**Available data:**
++++++++++

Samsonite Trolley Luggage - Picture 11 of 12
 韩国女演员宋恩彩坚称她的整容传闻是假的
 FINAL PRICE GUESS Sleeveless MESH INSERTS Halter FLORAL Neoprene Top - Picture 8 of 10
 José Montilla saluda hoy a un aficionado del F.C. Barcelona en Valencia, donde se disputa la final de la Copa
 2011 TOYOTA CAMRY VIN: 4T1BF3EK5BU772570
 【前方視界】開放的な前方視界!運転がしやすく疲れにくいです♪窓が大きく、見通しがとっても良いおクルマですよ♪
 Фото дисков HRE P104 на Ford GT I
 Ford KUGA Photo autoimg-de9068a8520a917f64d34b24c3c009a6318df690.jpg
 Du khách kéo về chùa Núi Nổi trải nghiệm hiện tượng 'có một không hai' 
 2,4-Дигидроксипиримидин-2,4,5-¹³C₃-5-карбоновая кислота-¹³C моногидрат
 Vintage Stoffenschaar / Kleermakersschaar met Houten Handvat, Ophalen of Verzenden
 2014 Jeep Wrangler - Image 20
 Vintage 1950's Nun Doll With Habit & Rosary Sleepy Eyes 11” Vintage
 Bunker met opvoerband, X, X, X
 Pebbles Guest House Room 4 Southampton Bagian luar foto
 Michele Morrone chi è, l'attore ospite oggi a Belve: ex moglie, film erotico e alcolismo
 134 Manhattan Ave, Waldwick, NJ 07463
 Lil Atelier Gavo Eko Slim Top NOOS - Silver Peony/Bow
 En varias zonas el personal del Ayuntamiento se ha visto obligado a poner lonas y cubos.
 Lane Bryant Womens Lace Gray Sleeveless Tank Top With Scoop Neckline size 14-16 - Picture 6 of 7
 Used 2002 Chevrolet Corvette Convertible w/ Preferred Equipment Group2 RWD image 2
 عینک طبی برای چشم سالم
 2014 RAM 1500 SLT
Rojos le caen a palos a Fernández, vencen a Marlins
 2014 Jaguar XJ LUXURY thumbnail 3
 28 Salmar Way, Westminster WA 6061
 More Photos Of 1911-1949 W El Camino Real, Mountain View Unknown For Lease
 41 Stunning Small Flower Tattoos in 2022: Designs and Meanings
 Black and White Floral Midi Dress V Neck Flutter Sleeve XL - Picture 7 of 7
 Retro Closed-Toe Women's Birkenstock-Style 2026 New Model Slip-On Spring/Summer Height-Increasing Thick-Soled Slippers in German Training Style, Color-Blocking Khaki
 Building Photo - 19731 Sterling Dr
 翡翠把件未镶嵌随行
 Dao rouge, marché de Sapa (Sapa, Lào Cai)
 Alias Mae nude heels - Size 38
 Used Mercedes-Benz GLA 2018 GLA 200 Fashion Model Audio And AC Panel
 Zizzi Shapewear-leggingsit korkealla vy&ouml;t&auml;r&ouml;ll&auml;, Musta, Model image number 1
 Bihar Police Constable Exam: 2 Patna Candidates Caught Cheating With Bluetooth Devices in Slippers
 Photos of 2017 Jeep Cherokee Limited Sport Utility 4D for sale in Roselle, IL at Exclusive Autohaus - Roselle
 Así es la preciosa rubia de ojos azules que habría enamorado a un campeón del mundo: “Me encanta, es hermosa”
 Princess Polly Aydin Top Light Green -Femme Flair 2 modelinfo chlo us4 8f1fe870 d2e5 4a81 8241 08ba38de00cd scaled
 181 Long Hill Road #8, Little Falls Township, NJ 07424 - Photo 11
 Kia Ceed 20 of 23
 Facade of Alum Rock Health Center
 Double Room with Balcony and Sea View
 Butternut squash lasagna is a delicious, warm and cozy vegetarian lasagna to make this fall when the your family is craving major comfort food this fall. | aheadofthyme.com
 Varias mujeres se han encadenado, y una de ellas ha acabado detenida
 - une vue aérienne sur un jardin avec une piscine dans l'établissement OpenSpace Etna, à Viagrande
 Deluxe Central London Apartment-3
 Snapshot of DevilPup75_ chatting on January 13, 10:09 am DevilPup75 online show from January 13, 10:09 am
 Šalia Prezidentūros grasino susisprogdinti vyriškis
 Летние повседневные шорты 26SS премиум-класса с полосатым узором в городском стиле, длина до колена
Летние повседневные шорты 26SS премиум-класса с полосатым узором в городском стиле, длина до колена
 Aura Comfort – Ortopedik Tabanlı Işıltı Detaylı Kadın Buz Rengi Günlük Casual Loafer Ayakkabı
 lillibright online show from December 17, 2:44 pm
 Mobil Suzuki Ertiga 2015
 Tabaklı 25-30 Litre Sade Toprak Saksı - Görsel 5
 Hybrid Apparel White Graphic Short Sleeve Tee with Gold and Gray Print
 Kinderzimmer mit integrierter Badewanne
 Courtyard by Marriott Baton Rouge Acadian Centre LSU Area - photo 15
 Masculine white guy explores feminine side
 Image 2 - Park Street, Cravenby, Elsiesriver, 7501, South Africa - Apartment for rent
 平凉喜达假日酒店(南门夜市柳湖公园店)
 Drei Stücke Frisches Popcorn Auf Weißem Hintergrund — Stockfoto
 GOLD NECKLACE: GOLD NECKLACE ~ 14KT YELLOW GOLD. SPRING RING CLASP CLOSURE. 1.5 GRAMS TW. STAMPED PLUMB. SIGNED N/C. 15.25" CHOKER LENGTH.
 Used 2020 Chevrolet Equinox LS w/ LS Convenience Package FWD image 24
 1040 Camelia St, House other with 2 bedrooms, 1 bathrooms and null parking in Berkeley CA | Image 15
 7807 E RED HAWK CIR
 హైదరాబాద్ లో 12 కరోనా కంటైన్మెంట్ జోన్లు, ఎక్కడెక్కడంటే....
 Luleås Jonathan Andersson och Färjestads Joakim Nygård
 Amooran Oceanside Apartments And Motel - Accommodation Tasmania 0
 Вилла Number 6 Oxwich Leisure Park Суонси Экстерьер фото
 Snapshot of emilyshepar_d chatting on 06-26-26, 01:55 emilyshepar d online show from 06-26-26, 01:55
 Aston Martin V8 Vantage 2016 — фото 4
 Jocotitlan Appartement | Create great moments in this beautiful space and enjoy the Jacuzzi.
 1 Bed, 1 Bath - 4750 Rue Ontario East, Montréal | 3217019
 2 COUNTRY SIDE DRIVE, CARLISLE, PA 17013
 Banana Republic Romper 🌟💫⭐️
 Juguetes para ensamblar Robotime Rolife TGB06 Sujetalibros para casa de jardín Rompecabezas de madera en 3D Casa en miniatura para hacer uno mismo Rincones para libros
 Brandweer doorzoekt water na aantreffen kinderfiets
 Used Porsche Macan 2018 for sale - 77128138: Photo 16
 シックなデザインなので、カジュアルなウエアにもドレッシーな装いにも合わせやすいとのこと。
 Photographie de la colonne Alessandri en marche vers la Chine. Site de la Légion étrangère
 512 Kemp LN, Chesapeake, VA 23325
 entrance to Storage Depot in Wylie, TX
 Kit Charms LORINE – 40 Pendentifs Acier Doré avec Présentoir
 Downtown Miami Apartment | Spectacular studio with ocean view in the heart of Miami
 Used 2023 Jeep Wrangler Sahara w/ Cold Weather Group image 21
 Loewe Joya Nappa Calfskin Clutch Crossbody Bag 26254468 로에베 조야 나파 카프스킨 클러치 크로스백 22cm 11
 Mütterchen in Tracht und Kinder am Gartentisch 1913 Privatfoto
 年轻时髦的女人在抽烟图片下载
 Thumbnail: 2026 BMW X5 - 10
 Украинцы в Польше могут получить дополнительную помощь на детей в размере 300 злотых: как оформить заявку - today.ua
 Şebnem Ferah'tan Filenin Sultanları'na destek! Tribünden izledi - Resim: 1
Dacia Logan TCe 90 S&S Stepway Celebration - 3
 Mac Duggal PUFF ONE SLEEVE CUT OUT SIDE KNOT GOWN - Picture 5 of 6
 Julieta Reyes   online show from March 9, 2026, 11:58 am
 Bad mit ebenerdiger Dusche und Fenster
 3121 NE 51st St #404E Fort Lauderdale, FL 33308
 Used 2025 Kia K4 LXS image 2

++++++++++

**What you need to do:**
Extract, please, the lines from the start of the entries above through the one with "Фото дисков HRE P104 на Ford GT I", both included, reproducing each exactly and adding nothing.

**Exercise result:**
Samsonite Trolley Luggage - Picture 11 of 12
 韩国女演员宋恩彩坚称她的整容传闻是假的
 FINAL PRICE GUESS Sleeveless MESH INSERTS Halter FLORAL Neoprene Top - Picture 8 of 10
 José Montilla saluda hoy a un aficionado del F.C. Barcelona en Valencia, donde se disputa la final de la Copa
 2011 TOYOTA CAMRY VIN: 4T1BF3EK5BU772570
 【前方視界】開放的な前方視界!運転がしやすく疲れにくいです♪窓が大きく、見通しがとっても良いおクルマですよ♪
 Фото дисков HRE P104 на Ford GT I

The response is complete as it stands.